> PROBLEM TO SOLVE: For this exercise, output exactly and only the lines running from the one with "RED BULL RACING" through the final line of the data below, without pictures.

(Saved entries)
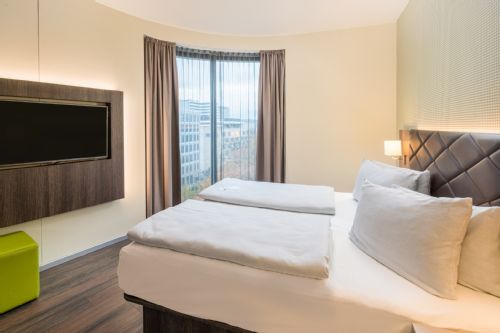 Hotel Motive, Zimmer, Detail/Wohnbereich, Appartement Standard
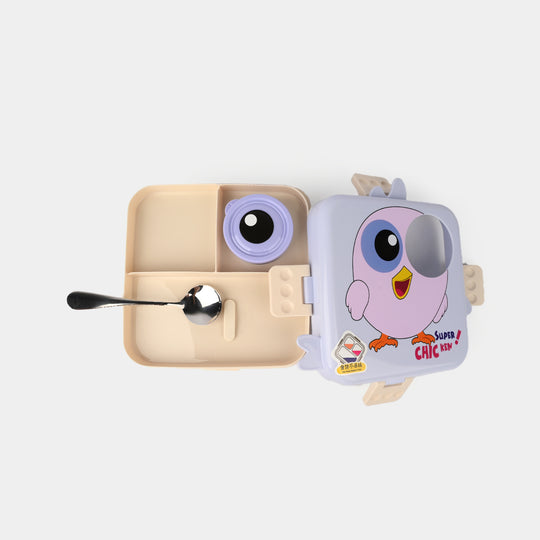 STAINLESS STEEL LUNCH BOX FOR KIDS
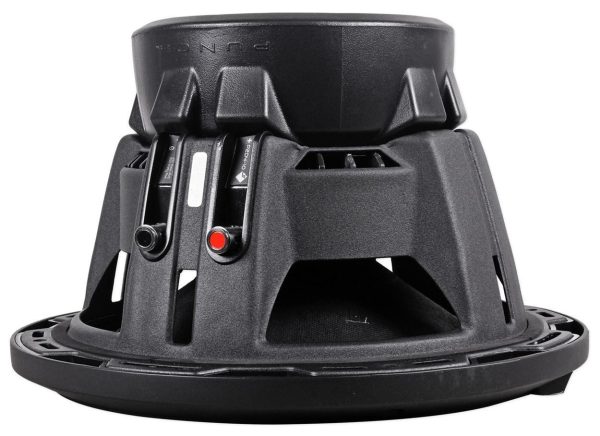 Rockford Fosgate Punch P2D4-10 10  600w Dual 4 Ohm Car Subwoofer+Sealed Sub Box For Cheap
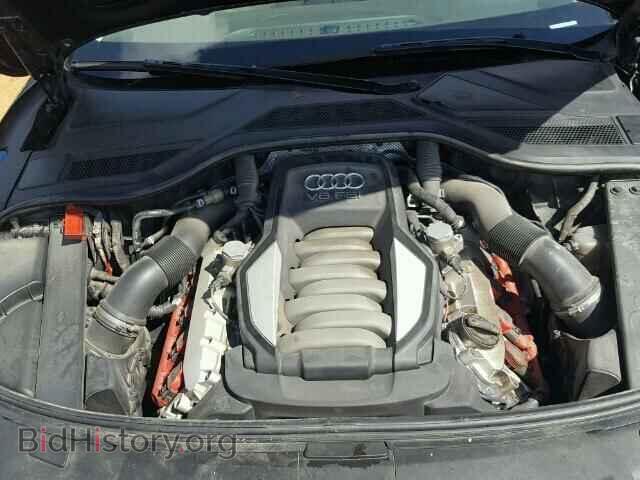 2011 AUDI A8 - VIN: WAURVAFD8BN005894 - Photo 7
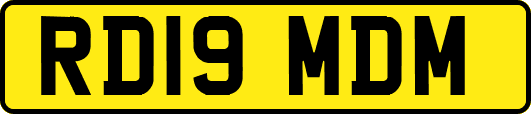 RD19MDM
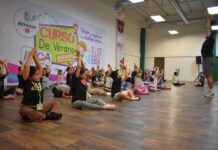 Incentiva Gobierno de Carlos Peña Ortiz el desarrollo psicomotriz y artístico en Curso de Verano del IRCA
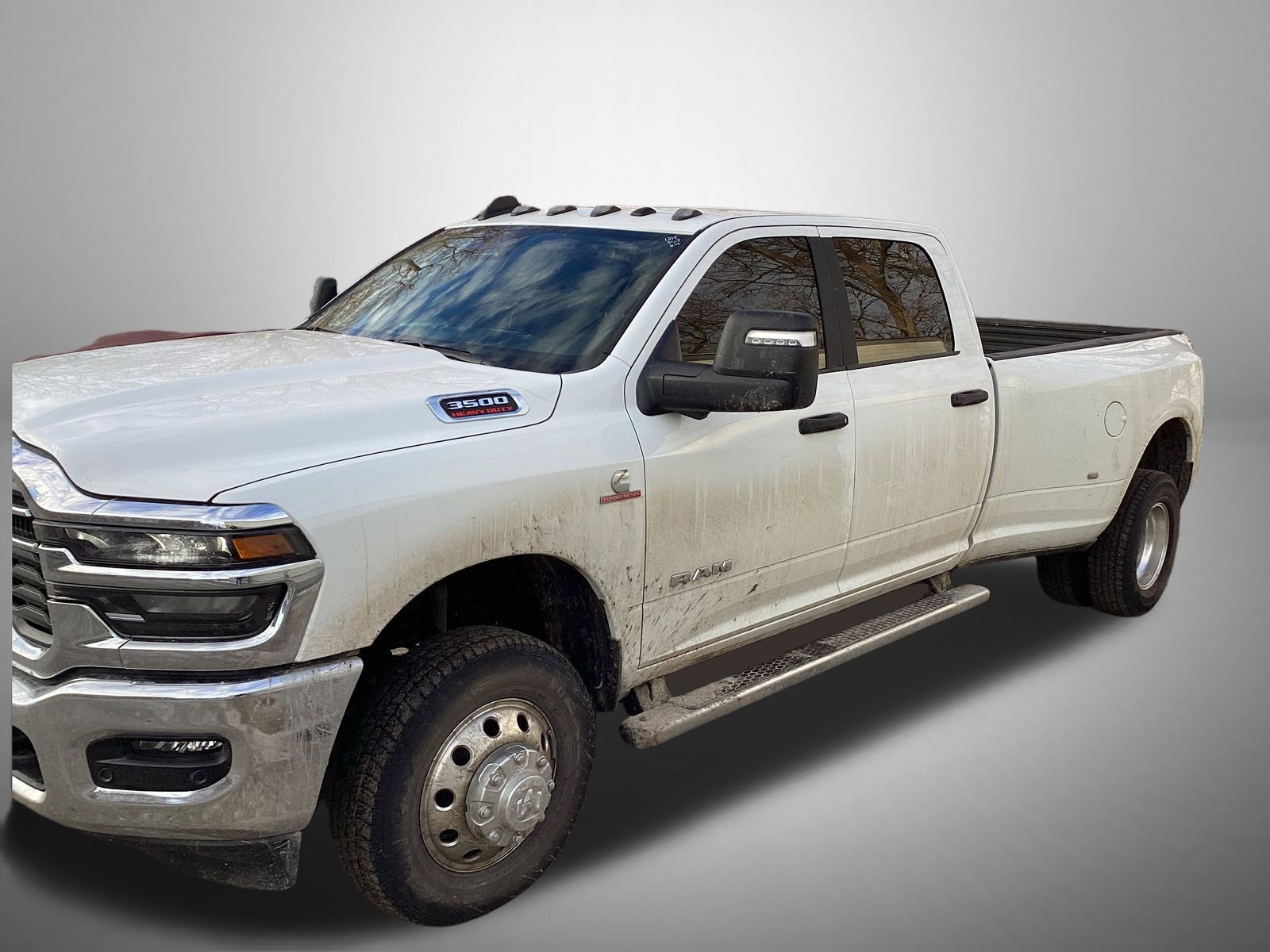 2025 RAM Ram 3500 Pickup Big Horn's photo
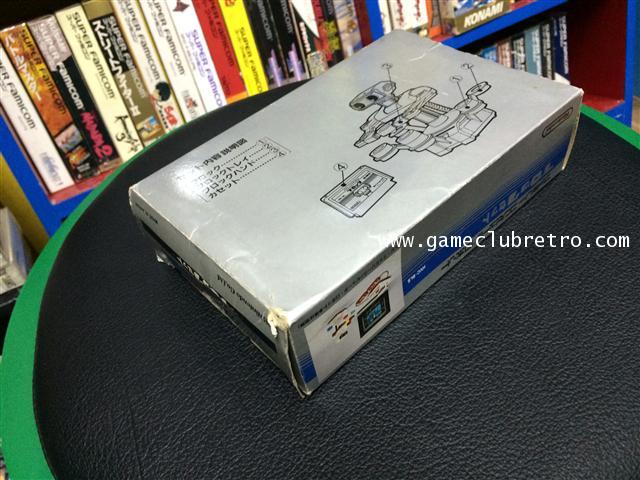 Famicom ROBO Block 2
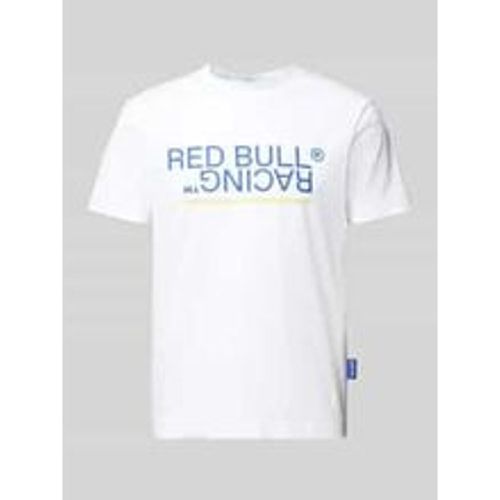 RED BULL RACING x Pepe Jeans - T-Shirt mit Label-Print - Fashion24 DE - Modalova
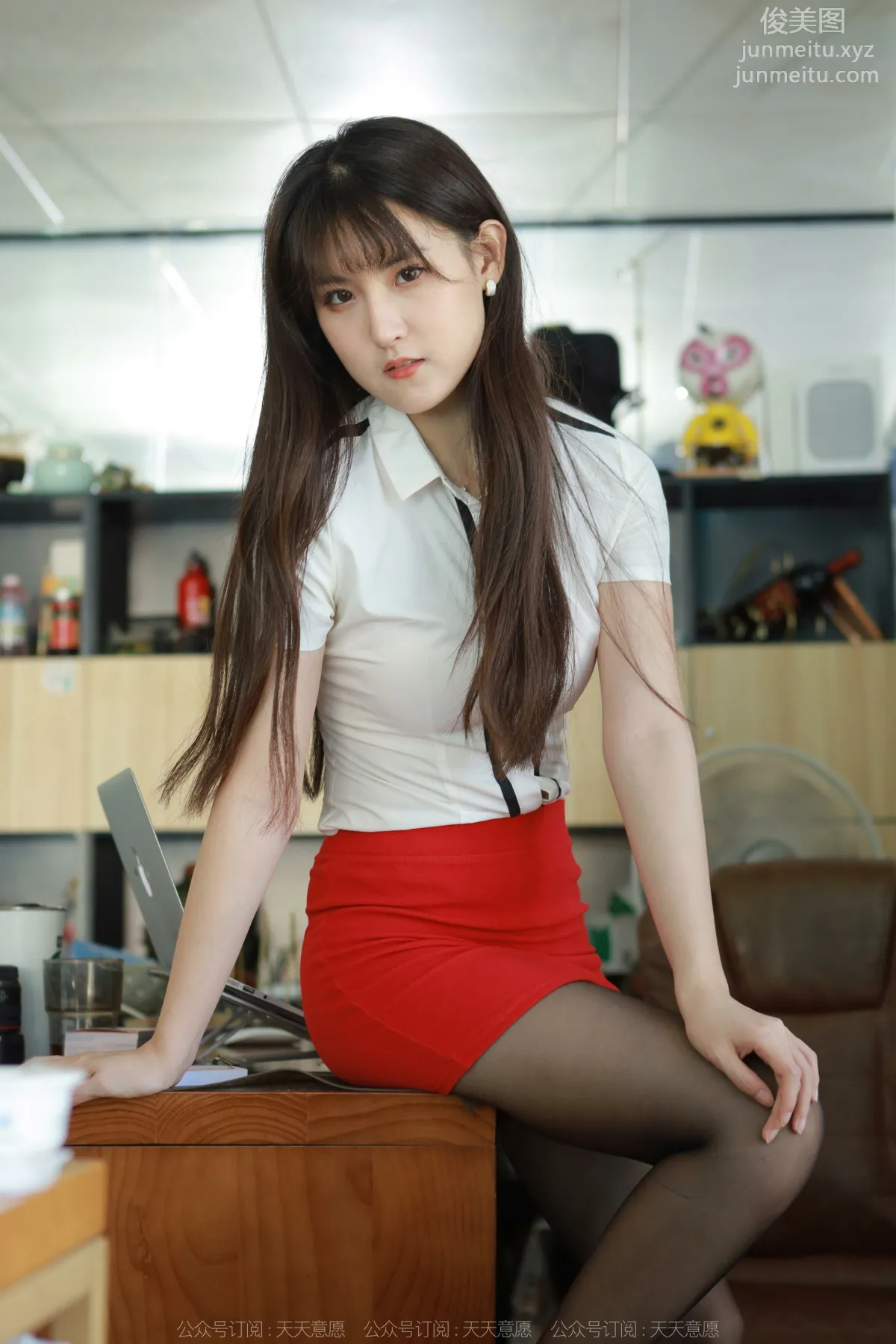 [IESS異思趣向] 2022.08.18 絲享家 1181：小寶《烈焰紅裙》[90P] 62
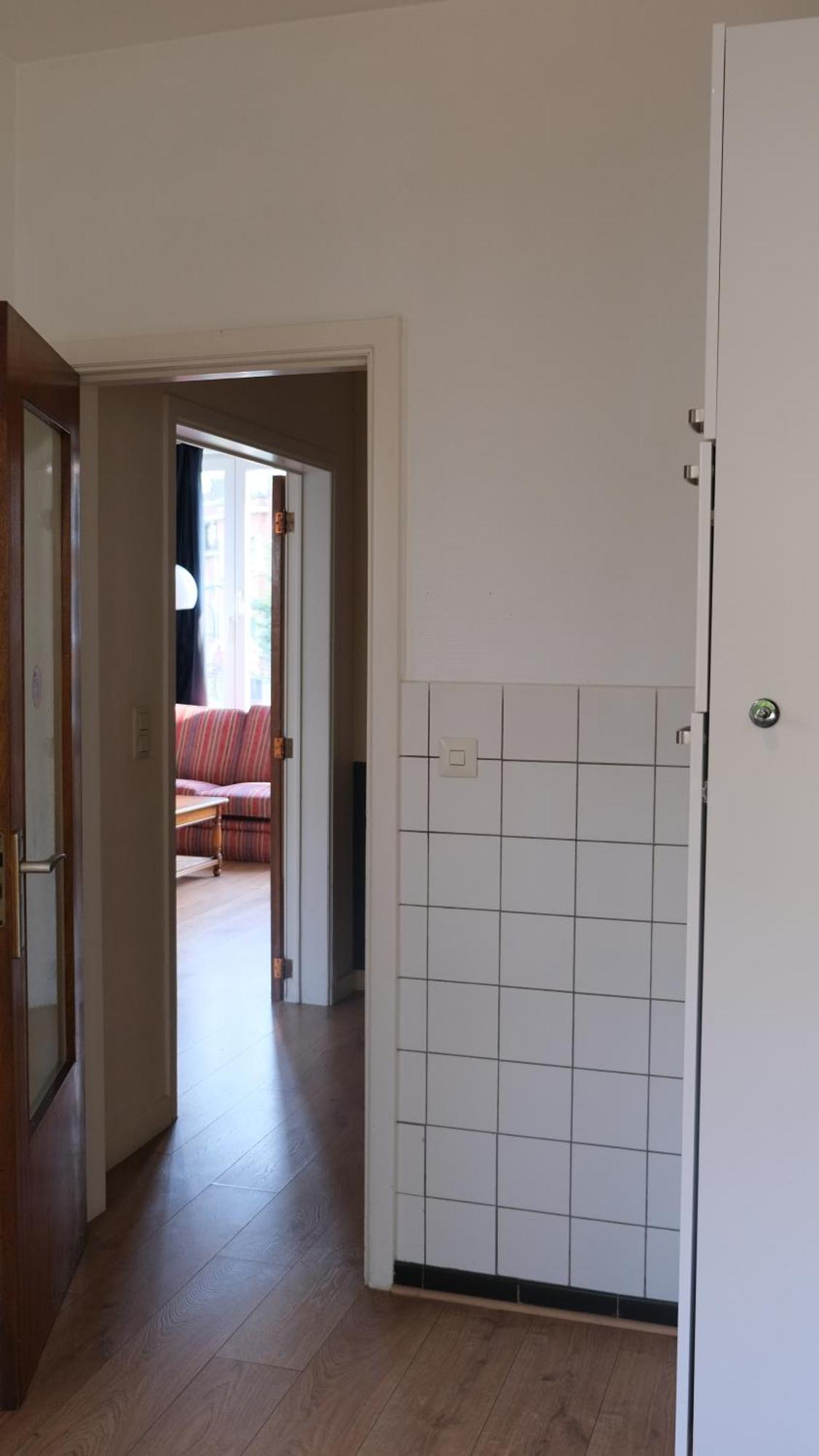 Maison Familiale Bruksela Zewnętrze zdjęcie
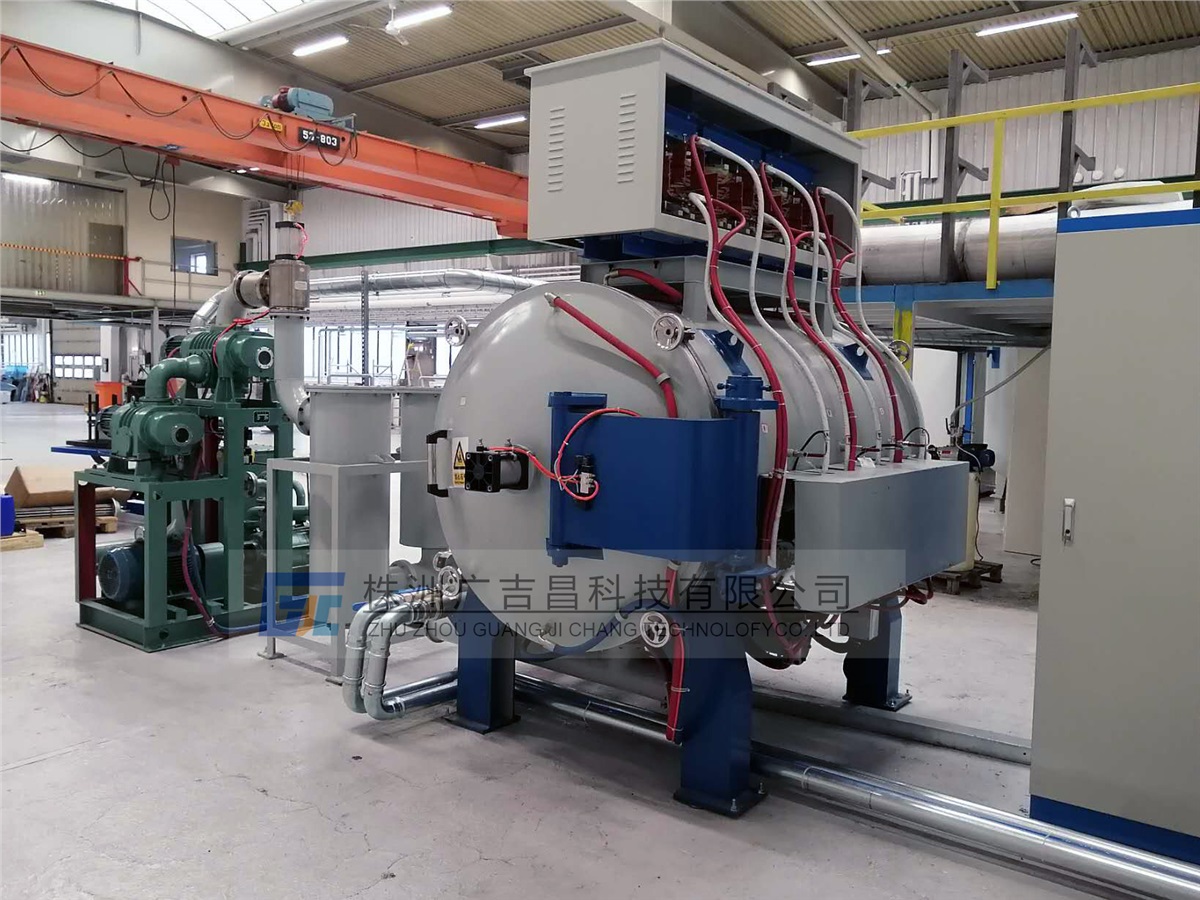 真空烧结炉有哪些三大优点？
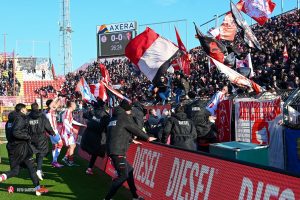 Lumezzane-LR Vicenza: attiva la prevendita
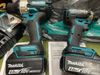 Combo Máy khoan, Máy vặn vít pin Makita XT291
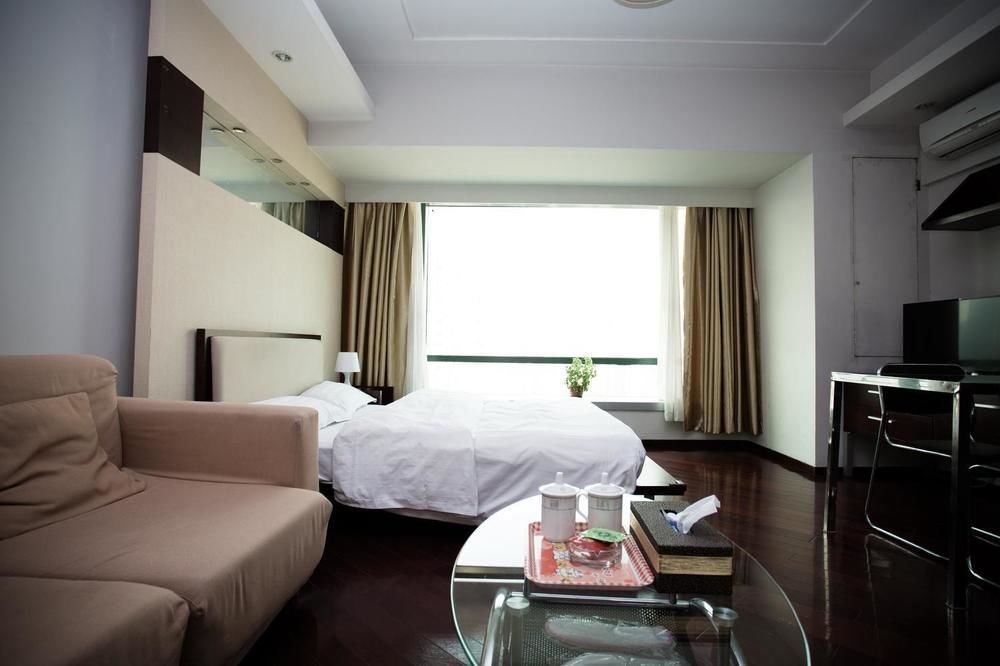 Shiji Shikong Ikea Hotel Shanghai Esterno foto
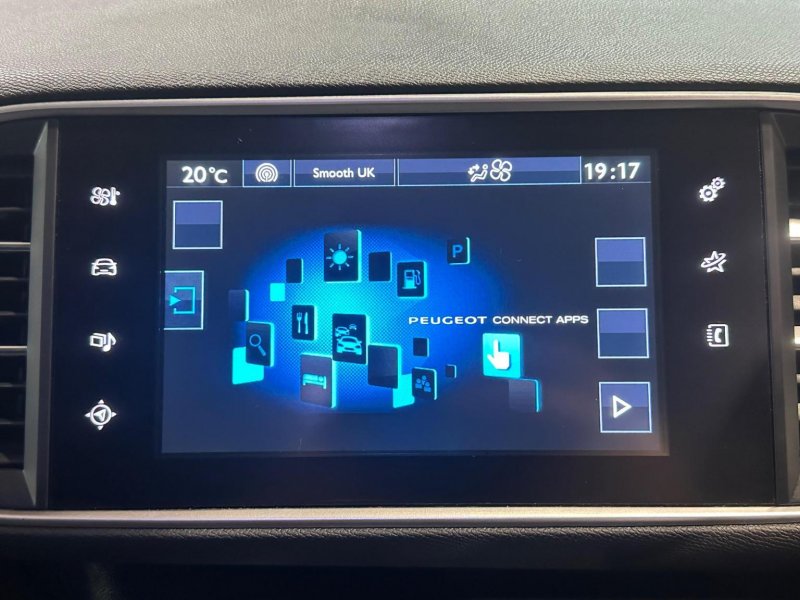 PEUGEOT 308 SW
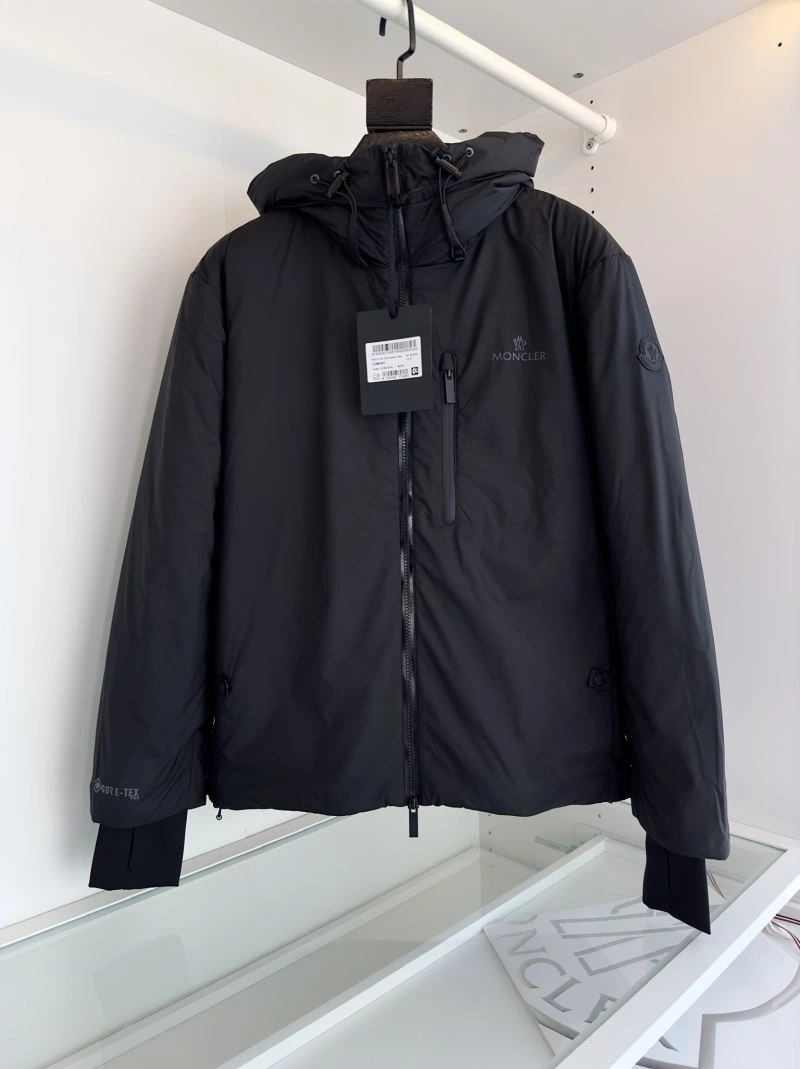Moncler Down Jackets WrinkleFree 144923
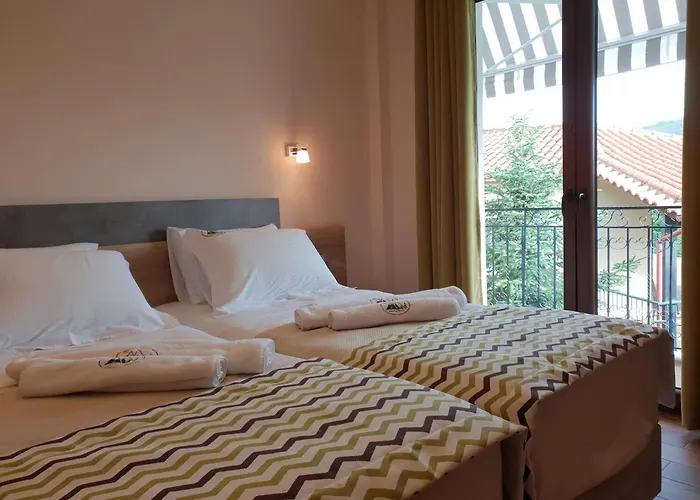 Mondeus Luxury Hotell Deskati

> ANSWER:
 RED BULL RACING x Pepe Jeans - T-Shirt mit Label-Print - Fashion24 DE - Modalova
 [IESS異思趣向] 2022.08.18 絲享家 1181：小寶《烈焰紅裙》[90P] 62
 Maison Familiale Bruksela Zewnętrze zdjęcie
 真空烧结炉有哪些三大优点？
 Lumezzane-LR Vicenza: attiva la prevendita
 Combo Máy khoan, Máy vặn vít pin Makita XT291
 Shiji Shikong Ikea Hotel Shanghai Esterno foto
 PEUGEOT 308 SW
Moncler Down Jackets WrinkleFree 144923
 Mondeus Luxury Hotell Deskati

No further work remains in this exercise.